Mate’s ties to Te Uri-o-Hau and Ngāti Whātua meant he also had settlements in Kaipara. His aunt Waimiro had married Te Keha of Kaipara, and there were strong family ties with Ngāti Hine, Ngāti Moe and Ngāti Whātua. Because of these connections, Te Ruki Kawiti chose Mate to act as a peacemaker between Kaipara peoples. At the 1825 battle of Te Ika-a-Ranganui, Kawiti took a number of Ngāti Whātua under his care to protect them from Hongi Hika’s impending taua. The Ngāti Whātua eventually returned to Kaipara, and in thanks offered land at Kākāraea and Puatahi. Kawiti accepted these tuku whenua, and Mate and his followers went to live there. This land and intermarriage led to the formation of the Ngāti Hine hapū based at Puatahi.

Mate signed He Whakaputanga at some time between 29 March 1836 and 25 June 1837, probably while visiting British Resident James Busby at Waitangi. Earlier, in 1834, Mate had written to Busby asking for a ship and a Pākehā to help run it: he 'must be a righteous one and acceptable to me and my people.' [2]

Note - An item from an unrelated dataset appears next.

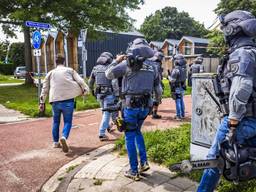Een speciaal interventieteam is op zoek naar de man (foto: SQ Vision).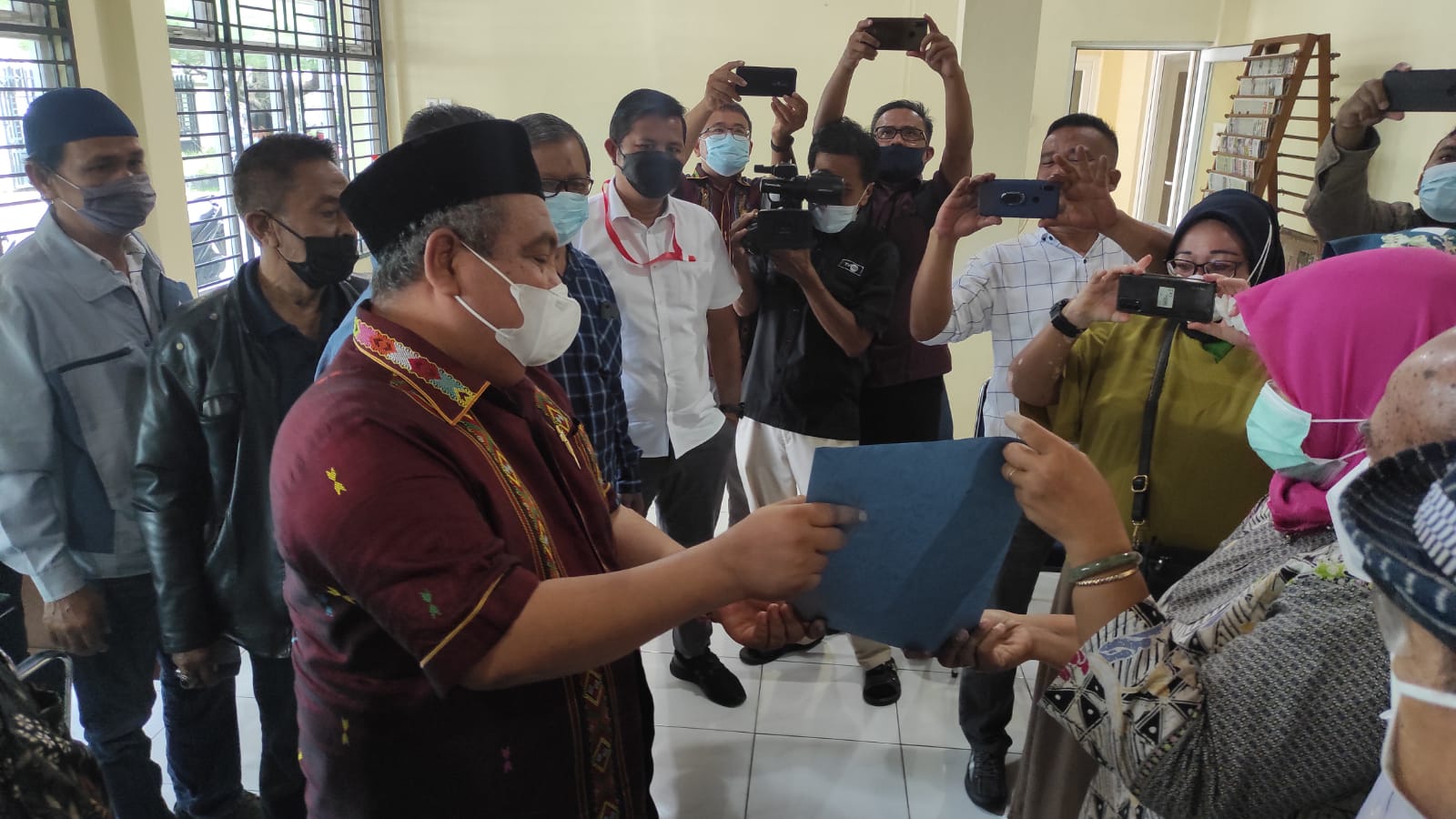 Ketua Persatuan Wartawan Indonesia Provinsi Sumatera Utara (PWI Sumut) incumbent Haji Hermansjah, SE (Harian Analisa) bersama Dr. Dedi Sahputra, MA (Harian Waspada) mendaftar sebagai Calon Ketua PWI Sumut dan Ketua Dewan Kehormatan (DKP) PWI Sumut Periode 2020-2025, Kamis (15/7/2021).beritasore/Ist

Mate is also associated with Ōtakanini pā in south Kaipara, an ancient Ngāti Whātua stronghold. The pā was strengthened in 1841 in fear of attack by Ngāti Te Ata, and Mate erected a carved wooden pou, named Te Whare-o-riri after an ancestor. The pou is now held by the Auckland War Memorial Museum.

In January 1845 Mate was wrongly accused of taking part in a taua muru at Matakana. In a proclamation issued by Governor FitzRoy, Mate was named as one of three Māori wanted for the incident – but he was later cleared of any involvement. However, the government still took his land.

Mate died probably during the 1860s, and was buried at Kākāraea. In the 1930s, a party of Ngāti Hine representatives, led by MP Tau Hēnare, helped to uplift and return his remains to Ngāti Hine’s ancestral burial site at Waiōmio.

[1] Missionary Register [Sections relating to New Zealand] 1834 p.460, Early New Zealand Books.

[2] Letter from Mate to James Busby, AABS 8156 BR1 Box 1, Archives New Zealand.